§ **EXERCISE GOAL**
Exact copies of the lines from the start of the records through the line with "John Tomic (R)" are what the answer must hold; pictures are not part of it.
◇ ◇ ◇ ◇
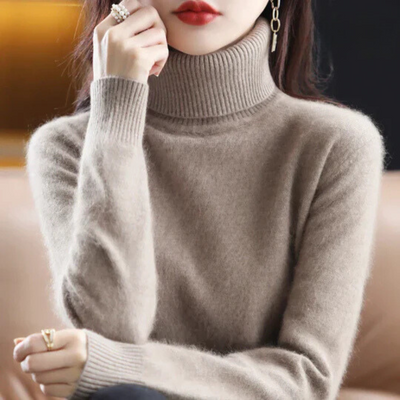 Kylie™ | High Neck Cashmere Sweater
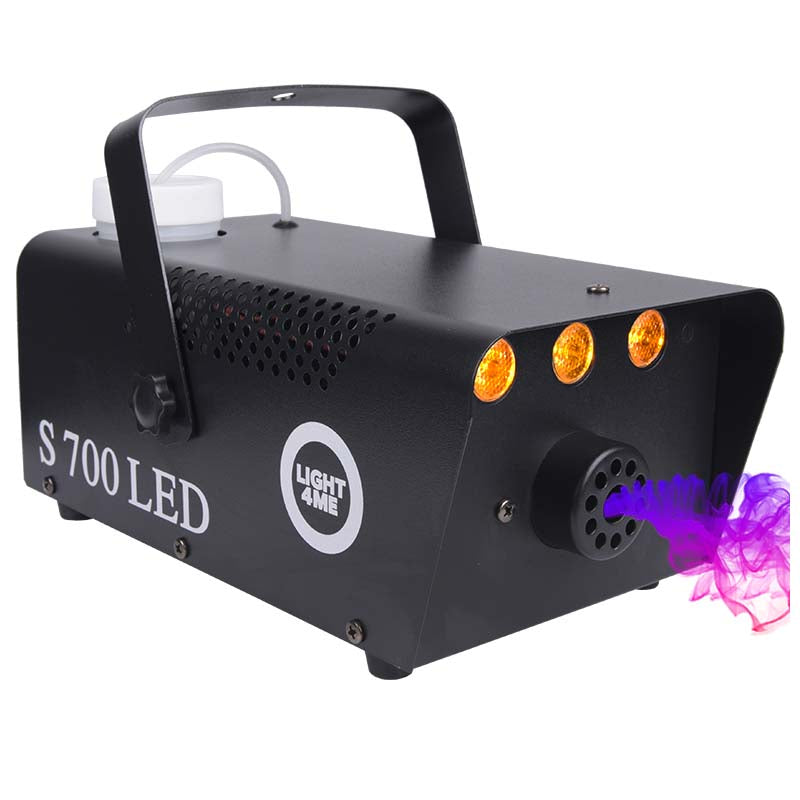 LIGHT4ME S 700W LED generador de efectos de máquina de humo y niebla con mando a distancia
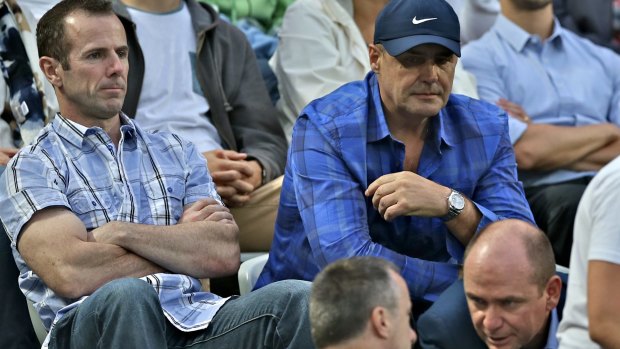 John Tomic (R) is angry with Tennis Australia.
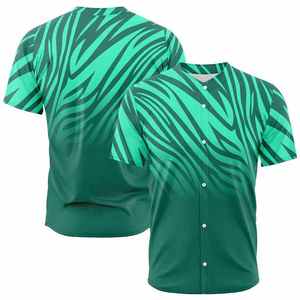 Maillot de baseball personnalisé avec impression par transfert thermique, nom de l'équipe, uniforme de softball en gros, 100% polyester, antibactérien, séchage rapide - Product Image 3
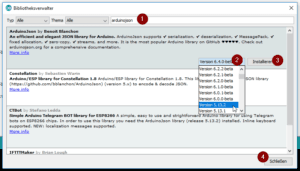 Installieren der Bibliothek 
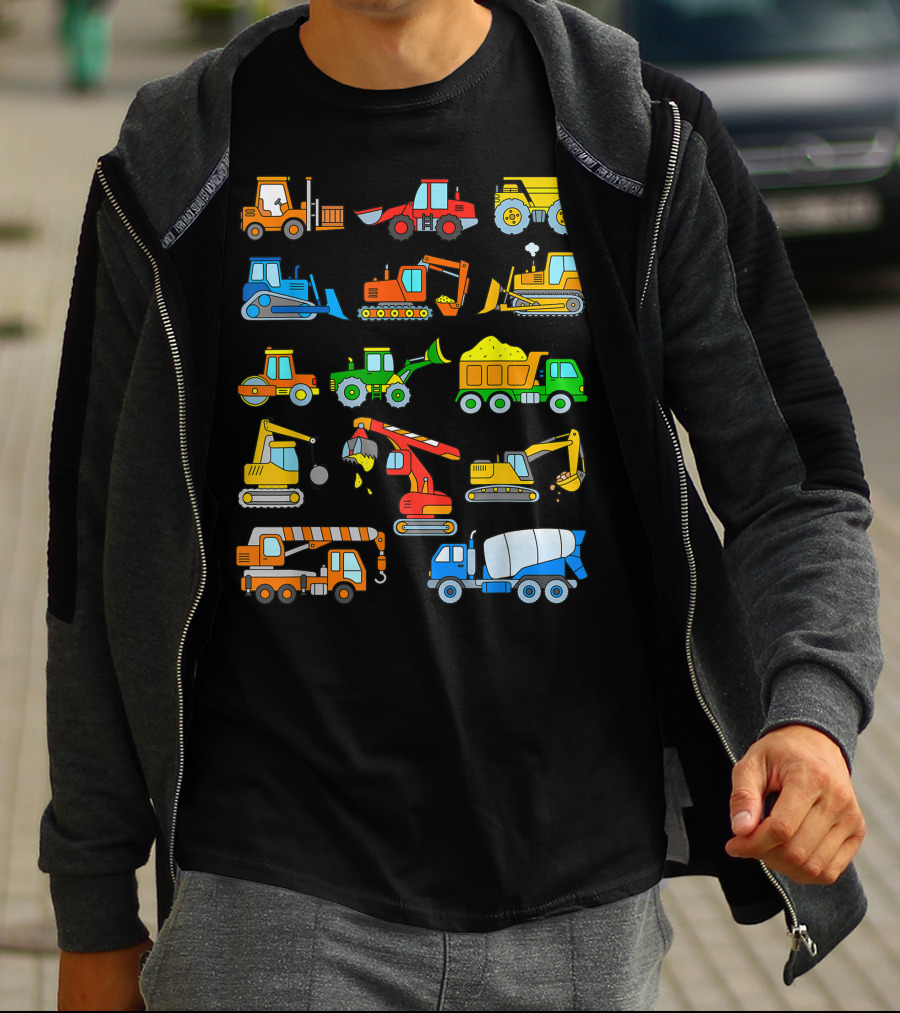 Construction Vehicles And Equipment Collection T-Shirt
◇ ◇ ◇ ◇
§ **OUTPUT BELOW**
 Kylie™ | High Neck Cashmere Sweater
 LIGHT4ME S 700W LED generador de efectos de máquina de humo y niebla con mando a distancia
 John Tomic (R) is angry with Tennis Australia.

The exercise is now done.